Malheureusement pour lui, le chef d’entreprise est exproprié de sa concession de Garoua par l’Etat du Cameroun à l’automne 2006 au motif que les travaux d’infrastructures n’auraient pas avancé assez vite. Dès lors s’engage une procédure judiciaire entre le Cameroun et l’octogénaire. Au total, ce dernier a subi 15 procès au Cameroun et les a tous gagnés. En outre, il a remporté 3 sentences devant la Cour internationale d’arbitrage, le 23 décembre 2014, le 20 octobre 2016 et le 22 septembre 2021, ainsi que les 5 arrêts contre les procédures en appel et en cassation diligentées par le Cameroun.
C’est lors de cette troisième et dernière sentence que son destin se noue. Jacques-André Prévost se trouve à court d’argent pour financer l’ultime défense de son projet pilote, baptisé Garoubé, contre l’Etat du Cameroun.

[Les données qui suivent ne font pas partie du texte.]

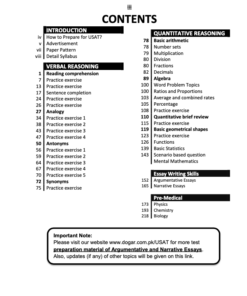 USAT Pre-Medical Group Guide Contents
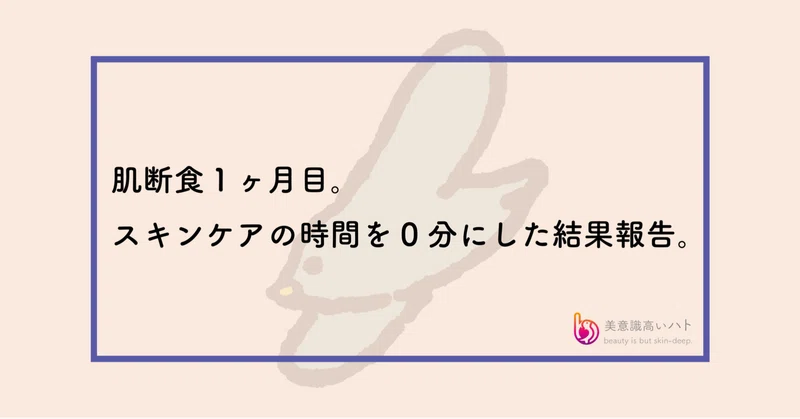 肌断食１ヶ月目 スキンケアの時間を０分にした結果報告 Hato Note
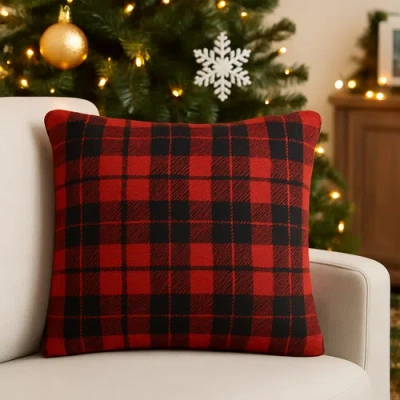 C & F Home C&f Home Red & Black Plaid Christmas Cotton Blend Accent Throw Pillow 18" X 18" In Red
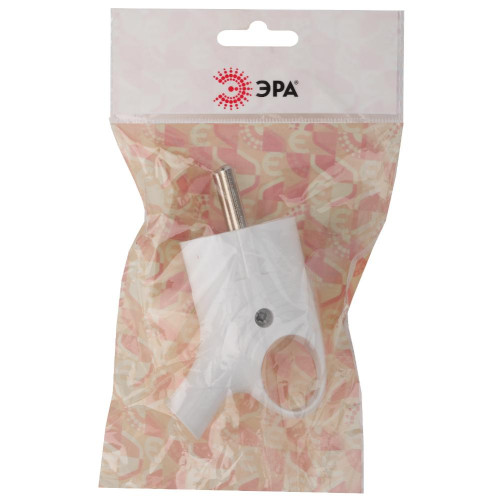 Вилка 2P+E ЭРА  Vx4-W 16А белая угловая с кольцом (698548)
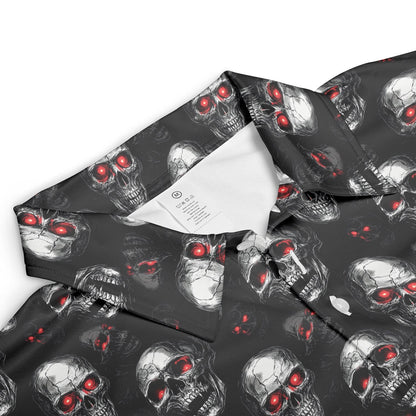 Vampire Skull Halloween Polo Shirt for Men Moisture Wicking Short Sleeve Golf Top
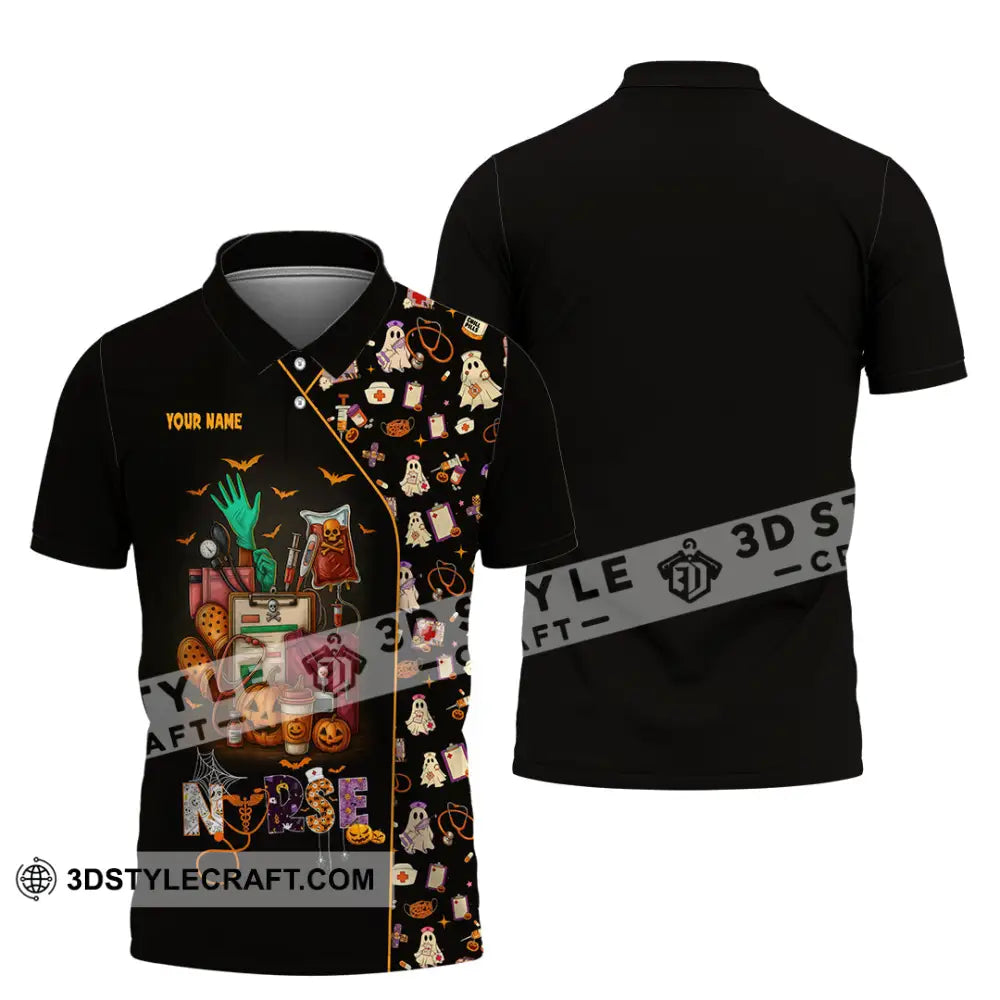 Unisex Shirt - Custom Scrubstar Fright Friends Nurse Halloween Shirt Polo Shirt / S T-shirt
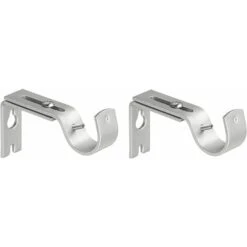 2 Pcs Adjustable Wall Bracket Curtain Rod Bracket Curtain Rod Bracket Stainless Steel With Screws Curtain Rod Brackets For Curtain Rod Clothes Rail Silber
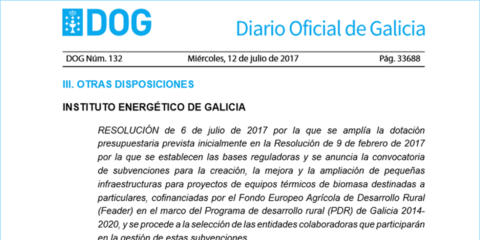 Ampliado presupuesto de Ayudas para instalaciones Residenciales de Biomasa en Galicia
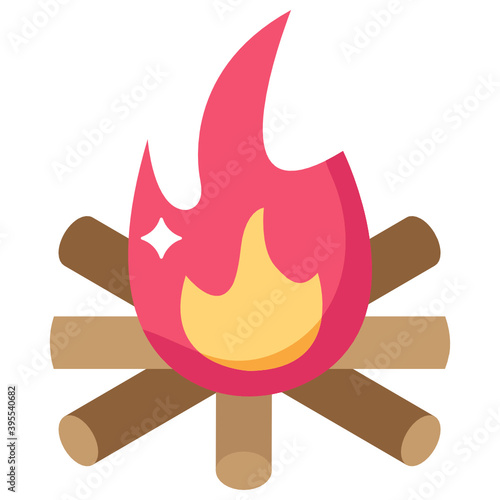 
Campfire, wood logs with fire flame icon in isometric design.
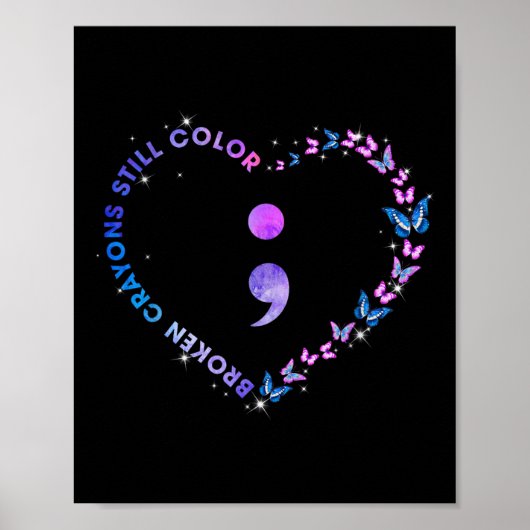 Gebroken krayons nog steeds Kleur Semicolon Suicid Poster (Voorkant)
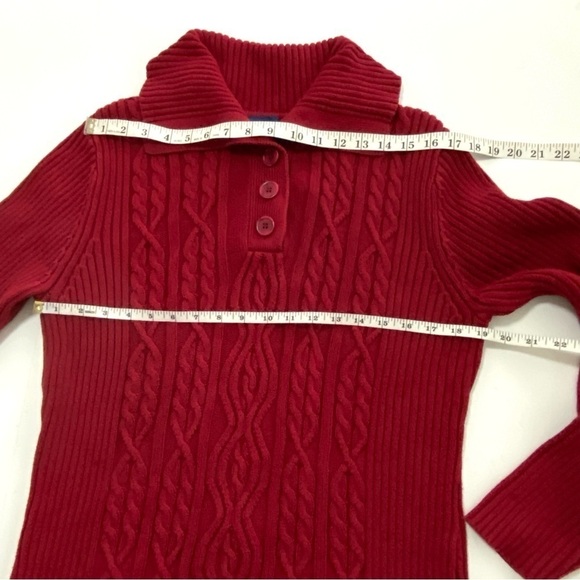 Red Cotton Ribbed Cable Knit Pullover Chunky Sweater Large - Picture 9 of 11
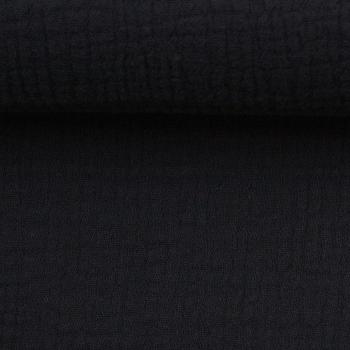 Preview: Musselin - Double Gauze -  Jenke Uni Schwarz by Swafing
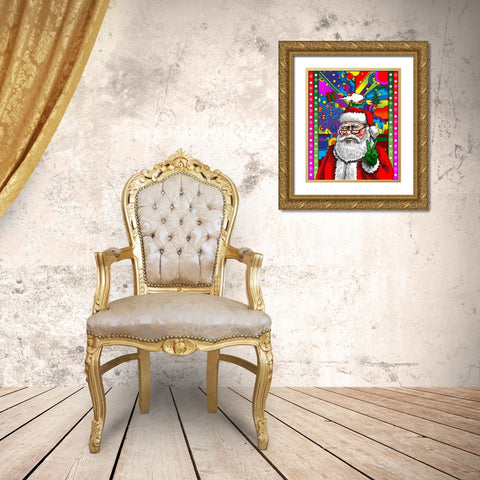 Santa Peace Gold Ornate Wood Framed Art Print with Double Matting by Green, Howie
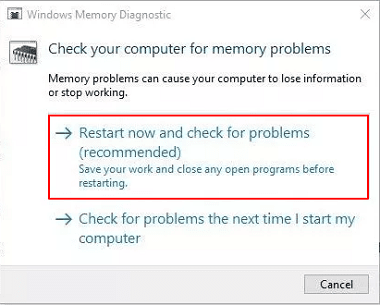 Restart now and check for problems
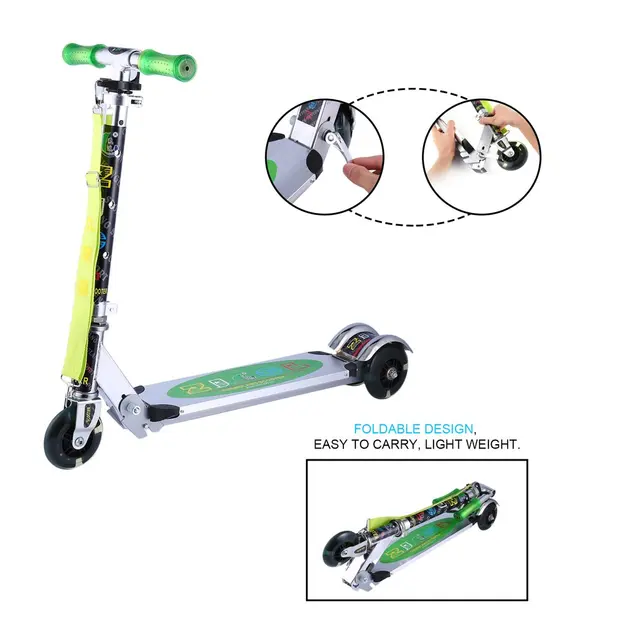 3 Wheel Adjustable Height Aluminum Alloy Children Scooter Foldable Shock Absorption Outdoor Play Stroller Scooter Toy 5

Après avoir dépensé jusqu’alors 13 millions d’euros en procédures, il lui manque un peu plus d’un million d’euros. En effet, bien que l’Etat du Cameroun ait été condamné à lui rembourser ses frais dans les procédures qu’il a toutes remportées, ce mauvais payeur n’a pas versé un centime depuis plus de 10 ans. Ayant accompli en vain le tour des banques, son courtier en recherche de crédit bancaire l’informe de l’existence de professionnels du financement des procédures, aussi appelés les Third-Party Litigation Funders, ou « financeurs tiers de contentieux » en traduction littérale. De mai à août 2020, Jacques-André Prévost répond aux demandes d’informations d’IVO Capital Partners, qui a pour président directeur général et co-fondateur Michael Israel. Notons qu’il s’est tourné, selon lui, vers ce fonds sur les conseils de son avocate d’alors, Maître Valence Borgia.
Les deux parties tombent d’accord en octobre 2020, et Jacques-André Prévost reçoit le million d’euros qui lui permet de gagner sa troisième sentence arbitrale. Prévoyant, l’entrepreneur demande à IVO de lui accorder un deuxième prêt, au cas où l’Etat du Cameroun ferait appel de la décision. Et c’est bien ce qui arrive. Confiant, le chef d’entreprise français demande alors à IVO la rallonge de 590 000 euros pour financer l’appel, prévue dans le contrat de manière optionnelle. IVO refuse, et ce, de manière pour le moins étonnante. Le jugement du Tribunal de commerce juge que « la deuxième avance étant optionnelle ainsi que le stipulent ses articles 1 et 11.3, plusieurs échanges entre IVO, maître Borgia et monsieur Prévost prouvant en outre que le caractère optionnel de cette deuxième avance était accepté et bien compris des parties. » Un refus toutefois confus.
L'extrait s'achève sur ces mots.